Not so with the angels: there is likely no way to enter into angelological disquisitions without being received as a hollering streetcorner proselytizer, with those bright, kitschly illustrated pamphlets depicting life in the clouds. God might not be an old man with a beard, but angels are always ridiculous wingèd humanoids in white, perverted fat cherubim, Michael Landon. They are for sad and lonely people with diminished resources, people locked away in rest homes, who live their lives anchored to the cycle of the daytime TV line-up.
A pair of considerations, coming from the history of European philosophy, might help to liberate the angels from this reduced and degraded repertoire. The medieval period is of course often mocked as the span of centuries in which philosophers wasted their inborn talents debating pointless questions about angels on the heads of pins. But as many scholars have noted, this long period is by no means static, and what we in fact see is a gradual progression from the 12th to the 16th centuries in which angels evolve, from beings whose nature and properties are in need of straightforward explanation, to the posits of thought experiments. It becomes ever less important to account for how angels actually are, and ever more important to use the concept of angels in the analysis of, say, intelligence, or individual substance, in order to better be able to account for what these things are. (And these things are, the reader is imagined to presume, more plausible candidates for the status of actual things than angels are.)
Now it might be supposed that this changing role is simply a stage on the path to the eventual full disappearance of the angels from the way we talk about the world. This would not be entirely incorrect, and it brings us to our second point: between roughly 1650 and 1750, angels appear to be replaced by aliens. To put this slightly differently, talk of supernatural beings intermediate between God and men gives way to talk of advanced celestial beings that are far greater than human beings, but not for that reason supernatural. There is virtually no European philosopher writing in this period who does not affirm their existence, under various descriptions and titles. Leibniz called them génies, Kant conceived them as “the more perfect classes of rational beings.” The reasons for this transformation are several, and it has most importantly to do with the uniformization of nature, the collapse of the distinction between the superlunar and the terrestrial spheres, and the consequent rise of what is sometimes called ‘the Harlequin principle’: the idea that toujours et partout, c’est tout comme ici.
I’ve written about this transformation at great length elsewhere. What I want to emphasize here is something different: that you can’t get rid of the angels.
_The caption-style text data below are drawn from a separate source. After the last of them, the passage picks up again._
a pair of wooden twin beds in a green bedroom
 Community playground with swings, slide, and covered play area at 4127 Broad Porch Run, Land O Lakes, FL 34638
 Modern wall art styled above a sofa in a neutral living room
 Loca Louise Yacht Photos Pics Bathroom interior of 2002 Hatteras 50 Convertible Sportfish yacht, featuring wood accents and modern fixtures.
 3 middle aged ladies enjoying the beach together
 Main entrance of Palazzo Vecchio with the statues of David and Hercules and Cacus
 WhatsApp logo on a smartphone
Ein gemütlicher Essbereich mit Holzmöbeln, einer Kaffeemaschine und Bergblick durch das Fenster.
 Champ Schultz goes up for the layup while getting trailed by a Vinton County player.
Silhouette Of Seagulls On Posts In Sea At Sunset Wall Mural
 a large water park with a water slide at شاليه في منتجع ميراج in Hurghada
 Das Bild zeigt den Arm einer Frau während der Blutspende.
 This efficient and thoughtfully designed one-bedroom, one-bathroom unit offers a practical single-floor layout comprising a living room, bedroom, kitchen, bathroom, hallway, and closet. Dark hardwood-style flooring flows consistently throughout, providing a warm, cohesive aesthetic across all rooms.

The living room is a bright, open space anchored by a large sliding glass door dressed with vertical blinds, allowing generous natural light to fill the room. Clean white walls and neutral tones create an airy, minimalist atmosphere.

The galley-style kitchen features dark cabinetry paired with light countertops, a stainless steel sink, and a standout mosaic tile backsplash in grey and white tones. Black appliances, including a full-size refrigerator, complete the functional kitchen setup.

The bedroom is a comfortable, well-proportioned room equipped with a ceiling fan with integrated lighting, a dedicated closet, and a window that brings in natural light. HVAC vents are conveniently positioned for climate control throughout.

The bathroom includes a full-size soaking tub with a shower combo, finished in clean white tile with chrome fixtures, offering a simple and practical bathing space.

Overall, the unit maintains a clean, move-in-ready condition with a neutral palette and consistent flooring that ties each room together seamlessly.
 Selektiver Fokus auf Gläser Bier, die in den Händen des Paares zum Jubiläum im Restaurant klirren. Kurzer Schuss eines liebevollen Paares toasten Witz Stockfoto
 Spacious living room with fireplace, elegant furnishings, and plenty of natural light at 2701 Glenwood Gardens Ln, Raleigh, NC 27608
You push them out of your ontology, or you allow them to remain only as etiolated conceptual posits without any real being of their own, and lo, they return in a new guise: from the angelic hierarchies of Ezekiel to the many-worlds fantasies of early modern science fiction, it has proven exceedingly hard for human beings to think of themselves as the end of the line, as the ne plus ultra of the cosmos’s various actors.
One might mention at this point the fellow beings, convoked or hallucinated, whenever DMT is illegally ingested (and thus adds to the DMT already naturally occurring– your brain is always already on drugs), and one might in the same breath recall the SETI program and the vain hurling of bottled messages, in the form of radio waves, out into space. Both of these experiences, in very different senses of the word ‘experience’, and from very different spheres of contemporary culture, reinforce the idea, as it is also often said of God, that there simply has to be something. We cannot get these beings out of our minds– our minds even seem neurochemically predisposed to recall them to attention under certain circumstances.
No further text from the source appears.